The lights changed and she was off. I jerked into first and followed, reaching across to switch on the radio to see if she was listening to a station I could tune into. The gap between us lengthened as I slewed across the dial, stopping to catch fragments of music. But there was nothing that spoke to me as clearly as the girl’s movements. It must have been a tape. She was a long way ahead now. I jumped a red light to keep her in sight but she turned into a side street and although I followed, she vanished into a warren of crescents I barely knew.

When I got in I tried Annie’s number but she was either not in or not answering. I got some food from downstairs, had a couple of beers and several cigarettes. It was an evening like any other. I sat on the floor idly looking through my white-labels.

At the shop I used to buy a lot of white label promos in blank sleeves from collectors and if there were any I wanted to keep I just took them home. It was all the same money, whether it was at the shop or at home. Lots of them had the artist’s name scrawled across the white label in felt tip, but some were blank and these were the ones I liked best because if there were no distinguishing marks I could forget who the record was by and playing it was always a surprise.

I pulled a couple out of their sleeves and studied them for clues. Nothing to do with the map, this, just clues as to who the records were by. I put one on and still couldn’t work it out. I sometimes bought stuff without knowing what it was. Maybe I should have got one of those signs for the shop: “You don’t have to be mad to work here but it helps.”
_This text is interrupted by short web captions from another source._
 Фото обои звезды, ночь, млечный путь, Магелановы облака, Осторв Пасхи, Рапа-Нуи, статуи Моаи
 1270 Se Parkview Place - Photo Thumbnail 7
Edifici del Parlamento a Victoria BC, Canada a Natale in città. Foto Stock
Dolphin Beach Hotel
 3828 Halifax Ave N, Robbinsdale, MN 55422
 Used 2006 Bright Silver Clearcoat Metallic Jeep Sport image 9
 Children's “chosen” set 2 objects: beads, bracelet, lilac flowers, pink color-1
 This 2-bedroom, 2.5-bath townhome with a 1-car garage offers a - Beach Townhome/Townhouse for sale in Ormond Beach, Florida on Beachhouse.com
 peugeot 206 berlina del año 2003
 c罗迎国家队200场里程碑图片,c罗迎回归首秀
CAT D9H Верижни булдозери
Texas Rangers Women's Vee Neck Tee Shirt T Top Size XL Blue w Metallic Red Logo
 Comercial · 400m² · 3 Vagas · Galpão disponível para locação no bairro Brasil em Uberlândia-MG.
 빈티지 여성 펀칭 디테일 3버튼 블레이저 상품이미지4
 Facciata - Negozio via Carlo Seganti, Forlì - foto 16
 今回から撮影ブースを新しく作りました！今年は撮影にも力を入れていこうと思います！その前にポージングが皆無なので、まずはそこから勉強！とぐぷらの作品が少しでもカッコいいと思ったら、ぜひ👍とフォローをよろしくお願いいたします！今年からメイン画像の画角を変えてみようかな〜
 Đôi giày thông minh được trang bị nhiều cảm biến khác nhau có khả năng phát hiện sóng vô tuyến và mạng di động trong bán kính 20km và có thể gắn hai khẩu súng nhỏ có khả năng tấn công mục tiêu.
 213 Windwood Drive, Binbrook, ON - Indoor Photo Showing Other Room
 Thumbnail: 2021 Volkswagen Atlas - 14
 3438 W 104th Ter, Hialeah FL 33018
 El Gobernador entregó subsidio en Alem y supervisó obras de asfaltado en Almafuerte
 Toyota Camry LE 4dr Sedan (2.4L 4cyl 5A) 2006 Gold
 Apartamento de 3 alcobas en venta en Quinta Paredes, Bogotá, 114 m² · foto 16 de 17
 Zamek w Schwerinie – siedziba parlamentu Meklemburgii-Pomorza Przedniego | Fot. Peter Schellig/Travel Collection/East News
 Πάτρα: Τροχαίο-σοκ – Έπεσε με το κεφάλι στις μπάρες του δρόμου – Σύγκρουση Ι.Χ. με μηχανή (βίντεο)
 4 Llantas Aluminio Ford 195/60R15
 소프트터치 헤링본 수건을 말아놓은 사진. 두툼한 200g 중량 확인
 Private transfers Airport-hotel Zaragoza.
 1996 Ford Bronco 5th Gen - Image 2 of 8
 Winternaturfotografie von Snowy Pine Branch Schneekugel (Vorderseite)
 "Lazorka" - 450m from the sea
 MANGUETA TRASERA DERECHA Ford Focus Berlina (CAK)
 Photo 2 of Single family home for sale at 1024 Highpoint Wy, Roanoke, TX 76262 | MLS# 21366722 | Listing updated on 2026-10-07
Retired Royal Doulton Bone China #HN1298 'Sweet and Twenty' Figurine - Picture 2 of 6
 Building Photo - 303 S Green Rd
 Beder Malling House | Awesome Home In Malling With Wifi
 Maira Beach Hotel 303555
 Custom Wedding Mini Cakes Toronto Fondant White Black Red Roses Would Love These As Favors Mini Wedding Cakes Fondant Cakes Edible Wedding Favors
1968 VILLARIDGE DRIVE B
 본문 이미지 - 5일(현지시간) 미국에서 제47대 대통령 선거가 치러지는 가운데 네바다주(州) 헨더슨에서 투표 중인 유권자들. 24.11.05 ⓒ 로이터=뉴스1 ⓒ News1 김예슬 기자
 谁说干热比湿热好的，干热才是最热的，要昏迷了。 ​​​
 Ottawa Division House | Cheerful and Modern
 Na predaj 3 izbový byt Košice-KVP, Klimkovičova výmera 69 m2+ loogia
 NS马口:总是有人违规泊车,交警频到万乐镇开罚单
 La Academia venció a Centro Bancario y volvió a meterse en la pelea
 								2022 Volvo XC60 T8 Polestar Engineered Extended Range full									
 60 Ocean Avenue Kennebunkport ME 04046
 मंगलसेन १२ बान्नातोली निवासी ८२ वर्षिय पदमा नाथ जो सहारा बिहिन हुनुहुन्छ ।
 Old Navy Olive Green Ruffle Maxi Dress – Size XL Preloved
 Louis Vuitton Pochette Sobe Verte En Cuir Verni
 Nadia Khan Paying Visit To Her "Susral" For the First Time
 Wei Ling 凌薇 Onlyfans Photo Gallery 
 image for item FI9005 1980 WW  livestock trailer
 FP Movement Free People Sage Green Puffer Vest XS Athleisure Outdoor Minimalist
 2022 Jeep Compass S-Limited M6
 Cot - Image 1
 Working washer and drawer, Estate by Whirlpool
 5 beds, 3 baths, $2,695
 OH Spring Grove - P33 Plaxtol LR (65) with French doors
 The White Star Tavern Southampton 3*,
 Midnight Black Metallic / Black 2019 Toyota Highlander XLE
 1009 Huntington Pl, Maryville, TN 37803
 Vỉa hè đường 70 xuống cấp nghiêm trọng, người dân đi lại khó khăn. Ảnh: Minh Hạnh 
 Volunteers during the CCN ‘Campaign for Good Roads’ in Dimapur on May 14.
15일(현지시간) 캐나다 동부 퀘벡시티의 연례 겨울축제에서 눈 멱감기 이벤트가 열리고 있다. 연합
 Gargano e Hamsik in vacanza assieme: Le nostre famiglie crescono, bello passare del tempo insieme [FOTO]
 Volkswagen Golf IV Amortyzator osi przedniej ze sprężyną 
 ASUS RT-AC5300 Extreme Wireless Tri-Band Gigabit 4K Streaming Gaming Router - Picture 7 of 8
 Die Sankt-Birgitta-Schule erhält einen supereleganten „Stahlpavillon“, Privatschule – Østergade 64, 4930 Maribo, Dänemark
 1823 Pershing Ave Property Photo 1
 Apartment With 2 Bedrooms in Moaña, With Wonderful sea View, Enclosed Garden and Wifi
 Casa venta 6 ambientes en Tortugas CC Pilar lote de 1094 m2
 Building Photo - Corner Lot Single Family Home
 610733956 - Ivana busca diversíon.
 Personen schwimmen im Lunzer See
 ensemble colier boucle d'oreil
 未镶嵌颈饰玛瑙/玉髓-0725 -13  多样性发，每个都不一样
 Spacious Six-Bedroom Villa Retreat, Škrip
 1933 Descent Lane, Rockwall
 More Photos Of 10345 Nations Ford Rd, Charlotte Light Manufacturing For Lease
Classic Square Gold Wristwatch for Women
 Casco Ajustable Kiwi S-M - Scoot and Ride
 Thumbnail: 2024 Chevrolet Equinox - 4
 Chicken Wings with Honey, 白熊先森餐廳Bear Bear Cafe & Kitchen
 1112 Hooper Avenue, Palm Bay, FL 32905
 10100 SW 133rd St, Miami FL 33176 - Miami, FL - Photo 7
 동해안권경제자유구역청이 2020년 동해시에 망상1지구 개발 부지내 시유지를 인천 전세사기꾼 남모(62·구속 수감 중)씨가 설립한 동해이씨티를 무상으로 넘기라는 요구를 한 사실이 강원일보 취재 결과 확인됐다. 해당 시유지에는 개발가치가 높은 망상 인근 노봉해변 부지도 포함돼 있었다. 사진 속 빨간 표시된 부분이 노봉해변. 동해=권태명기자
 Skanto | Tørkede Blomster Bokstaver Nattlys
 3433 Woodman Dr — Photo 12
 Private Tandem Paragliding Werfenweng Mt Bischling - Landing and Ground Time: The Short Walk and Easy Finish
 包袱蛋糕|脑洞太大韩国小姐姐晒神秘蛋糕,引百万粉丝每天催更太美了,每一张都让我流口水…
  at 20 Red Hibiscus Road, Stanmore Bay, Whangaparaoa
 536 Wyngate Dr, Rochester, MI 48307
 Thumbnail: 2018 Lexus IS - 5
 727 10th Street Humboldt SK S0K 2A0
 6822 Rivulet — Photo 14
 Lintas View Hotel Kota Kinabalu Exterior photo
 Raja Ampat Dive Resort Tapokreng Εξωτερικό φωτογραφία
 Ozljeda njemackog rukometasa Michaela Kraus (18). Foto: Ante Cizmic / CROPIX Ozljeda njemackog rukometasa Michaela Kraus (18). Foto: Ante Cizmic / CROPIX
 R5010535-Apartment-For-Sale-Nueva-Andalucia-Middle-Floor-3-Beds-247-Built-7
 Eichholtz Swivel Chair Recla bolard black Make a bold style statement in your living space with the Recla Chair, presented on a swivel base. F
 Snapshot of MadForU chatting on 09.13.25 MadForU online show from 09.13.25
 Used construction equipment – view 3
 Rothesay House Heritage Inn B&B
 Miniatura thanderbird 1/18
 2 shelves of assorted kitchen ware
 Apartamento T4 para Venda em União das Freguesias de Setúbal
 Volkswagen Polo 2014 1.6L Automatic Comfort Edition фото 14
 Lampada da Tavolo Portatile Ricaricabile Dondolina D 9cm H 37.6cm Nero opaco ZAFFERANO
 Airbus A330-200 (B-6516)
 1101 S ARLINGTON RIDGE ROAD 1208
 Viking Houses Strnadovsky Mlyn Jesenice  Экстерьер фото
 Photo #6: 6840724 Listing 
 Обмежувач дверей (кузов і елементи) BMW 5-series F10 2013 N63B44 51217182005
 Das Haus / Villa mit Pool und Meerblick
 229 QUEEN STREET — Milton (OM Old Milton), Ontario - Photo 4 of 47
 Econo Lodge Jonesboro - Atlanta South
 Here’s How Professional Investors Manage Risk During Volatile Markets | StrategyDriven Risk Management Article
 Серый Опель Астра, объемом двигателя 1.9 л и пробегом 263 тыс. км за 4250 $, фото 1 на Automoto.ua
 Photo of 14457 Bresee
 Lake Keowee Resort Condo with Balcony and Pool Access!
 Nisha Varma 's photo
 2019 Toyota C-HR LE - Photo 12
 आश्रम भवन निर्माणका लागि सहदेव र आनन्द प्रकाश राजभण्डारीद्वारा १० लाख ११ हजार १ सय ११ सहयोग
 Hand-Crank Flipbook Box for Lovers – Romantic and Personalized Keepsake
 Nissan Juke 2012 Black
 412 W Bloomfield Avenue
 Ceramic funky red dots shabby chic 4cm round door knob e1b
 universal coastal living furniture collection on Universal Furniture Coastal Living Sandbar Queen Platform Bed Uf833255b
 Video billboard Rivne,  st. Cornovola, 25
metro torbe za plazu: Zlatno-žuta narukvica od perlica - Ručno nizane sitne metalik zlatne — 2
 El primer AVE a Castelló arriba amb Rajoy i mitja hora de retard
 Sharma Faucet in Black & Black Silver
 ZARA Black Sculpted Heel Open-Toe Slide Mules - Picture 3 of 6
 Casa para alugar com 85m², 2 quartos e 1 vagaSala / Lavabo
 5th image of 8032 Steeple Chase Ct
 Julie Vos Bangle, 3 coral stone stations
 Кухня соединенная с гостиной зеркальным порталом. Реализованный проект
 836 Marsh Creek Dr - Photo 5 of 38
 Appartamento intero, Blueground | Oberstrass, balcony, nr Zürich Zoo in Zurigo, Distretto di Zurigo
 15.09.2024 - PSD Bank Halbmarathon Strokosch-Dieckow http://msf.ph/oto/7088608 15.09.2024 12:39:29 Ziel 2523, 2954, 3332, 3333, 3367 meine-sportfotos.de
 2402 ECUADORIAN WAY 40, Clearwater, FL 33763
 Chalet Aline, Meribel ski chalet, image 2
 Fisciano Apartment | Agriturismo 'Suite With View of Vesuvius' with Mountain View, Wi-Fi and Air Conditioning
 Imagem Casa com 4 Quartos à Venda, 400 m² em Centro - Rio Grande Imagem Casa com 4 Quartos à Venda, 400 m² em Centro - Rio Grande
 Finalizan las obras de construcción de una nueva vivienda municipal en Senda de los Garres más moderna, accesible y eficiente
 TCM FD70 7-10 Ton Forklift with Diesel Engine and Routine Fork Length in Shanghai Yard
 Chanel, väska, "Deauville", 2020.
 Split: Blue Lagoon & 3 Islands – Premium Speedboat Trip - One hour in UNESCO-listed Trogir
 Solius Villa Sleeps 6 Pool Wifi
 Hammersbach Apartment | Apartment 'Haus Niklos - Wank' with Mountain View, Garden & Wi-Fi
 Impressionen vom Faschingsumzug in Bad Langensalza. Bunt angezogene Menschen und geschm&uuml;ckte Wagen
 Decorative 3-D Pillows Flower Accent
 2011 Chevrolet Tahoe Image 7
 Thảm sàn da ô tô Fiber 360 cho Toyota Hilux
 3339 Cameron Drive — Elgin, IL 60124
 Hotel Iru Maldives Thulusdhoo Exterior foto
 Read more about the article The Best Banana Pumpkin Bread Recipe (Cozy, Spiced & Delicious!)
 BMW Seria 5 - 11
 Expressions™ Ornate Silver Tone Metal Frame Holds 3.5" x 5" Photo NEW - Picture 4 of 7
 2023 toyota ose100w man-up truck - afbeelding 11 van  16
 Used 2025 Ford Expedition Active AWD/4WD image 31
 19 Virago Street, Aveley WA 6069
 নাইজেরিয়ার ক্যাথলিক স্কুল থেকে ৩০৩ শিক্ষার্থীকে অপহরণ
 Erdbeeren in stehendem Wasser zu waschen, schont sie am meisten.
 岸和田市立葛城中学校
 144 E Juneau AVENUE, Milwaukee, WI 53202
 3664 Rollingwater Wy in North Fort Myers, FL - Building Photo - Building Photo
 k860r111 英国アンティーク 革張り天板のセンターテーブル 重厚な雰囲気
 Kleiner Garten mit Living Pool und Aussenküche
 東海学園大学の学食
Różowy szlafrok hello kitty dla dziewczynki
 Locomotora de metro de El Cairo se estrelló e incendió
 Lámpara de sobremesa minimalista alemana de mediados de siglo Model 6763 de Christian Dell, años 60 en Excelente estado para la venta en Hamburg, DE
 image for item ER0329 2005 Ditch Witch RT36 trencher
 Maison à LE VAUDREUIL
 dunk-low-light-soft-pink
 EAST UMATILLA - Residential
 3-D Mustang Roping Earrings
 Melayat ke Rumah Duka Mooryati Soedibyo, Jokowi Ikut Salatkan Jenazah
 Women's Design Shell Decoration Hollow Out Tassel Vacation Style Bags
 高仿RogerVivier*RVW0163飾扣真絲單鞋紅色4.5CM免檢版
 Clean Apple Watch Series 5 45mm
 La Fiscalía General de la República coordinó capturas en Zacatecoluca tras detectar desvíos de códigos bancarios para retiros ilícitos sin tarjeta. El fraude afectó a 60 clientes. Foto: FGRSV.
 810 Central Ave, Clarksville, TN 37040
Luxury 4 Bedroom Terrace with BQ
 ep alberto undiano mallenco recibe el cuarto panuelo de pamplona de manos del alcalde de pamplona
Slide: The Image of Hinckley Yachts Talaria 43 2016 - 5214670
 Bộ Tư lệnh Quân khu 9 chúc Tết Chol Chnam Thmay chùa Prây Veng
I fell asleep on the sofa and woke with a start when my cigarette had burned right down and stung my finger. I sucked at it as I drew my legs off the table and stood up. In the bathroom I ran my finger under the cold tap and examined it under the light over the mirror. There was a tiny patch where the whorls of my fingerprint had been smoothed over. Fascinated, I stared at the pattern of parallel lines. On the third finger of my right hand the lines seemed to fan out in a spiral from a central point, like the way hair grows from the crown. But, even though I was on a second wind, I realised that when you’ve got down to examining your own fingerprints it’s time to say goodnight.